Problem to solve:
Apart from the images, output the data below exactly.

-------- Recorded information --------

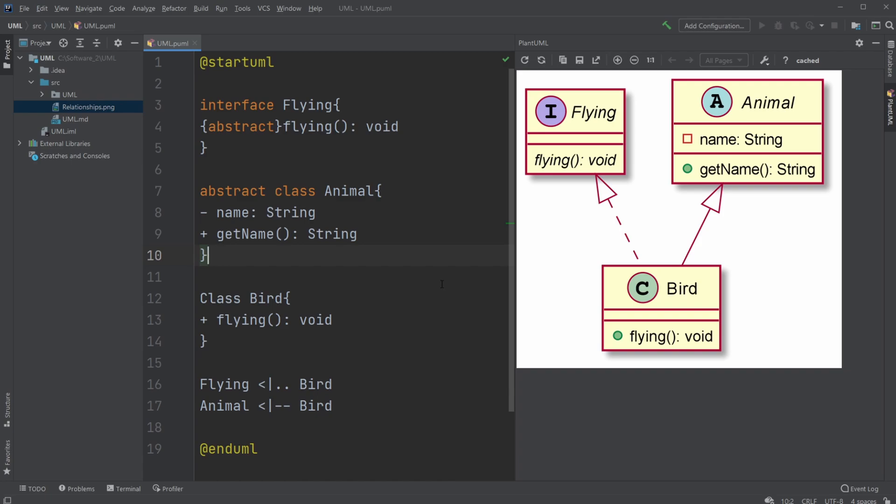So, I just have a pretty simple example here that contains some classes in a UML class diagram. We have a normal class bird, which extends abstract class animal and implements an interface flying.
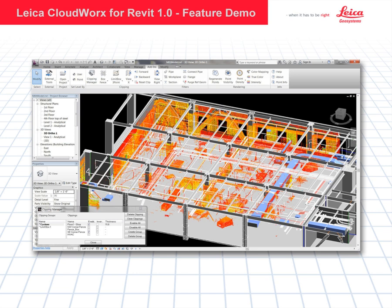Welcome to this demonstration video of CloudWorks for Revit. We will be covering all of the CloudWorks features that are specific to Revit, along with some of the traditional features of the CloudWorks family.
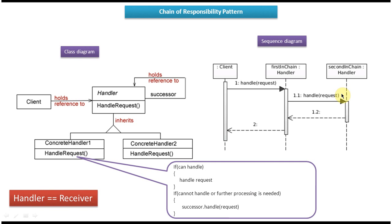This is about the class diagram and sequence diagram of the Chain of Responsibility design pattern. I have created a separate video for the Chain of Responsibility design pattern implementation where I have explained Java code related to this pattern. Thanks for watching. Bye.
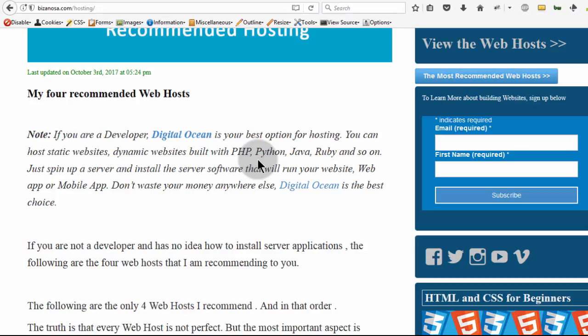If you want to run PHP websites, Python websites, Java websites, Node.js, it doesn't really matter what you want to run. You can go to Digital Ocean and install your own servers. If you like that, that is the best option for you.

--------

Result:
So, I just have a pretty simple example here that contains some classes in a UML class diagram. We have a normal class bird, which extends abstract class animal and implements an interface flying.
Welcome to this demonstration video of CloudWorks for Revit. We will be covering all of the CloudWorks features that are specific to Revit, along with some of the traditional features of the CloudWorks family.
This is about the class diagram and sequence diagram of the Chain of Responsibility design pattern. I have created a separate video for the Chain of Responsibility design pattern implementation where I have explained Java code related to this pattern. Thanks for watching. Bye.
If you want to run PHP websites, Python websites, Java websites, Node.js, it doesn't really matter what you want to run. You can go to Digital Ocean and install your own servers. If you like that, that is the best option for you.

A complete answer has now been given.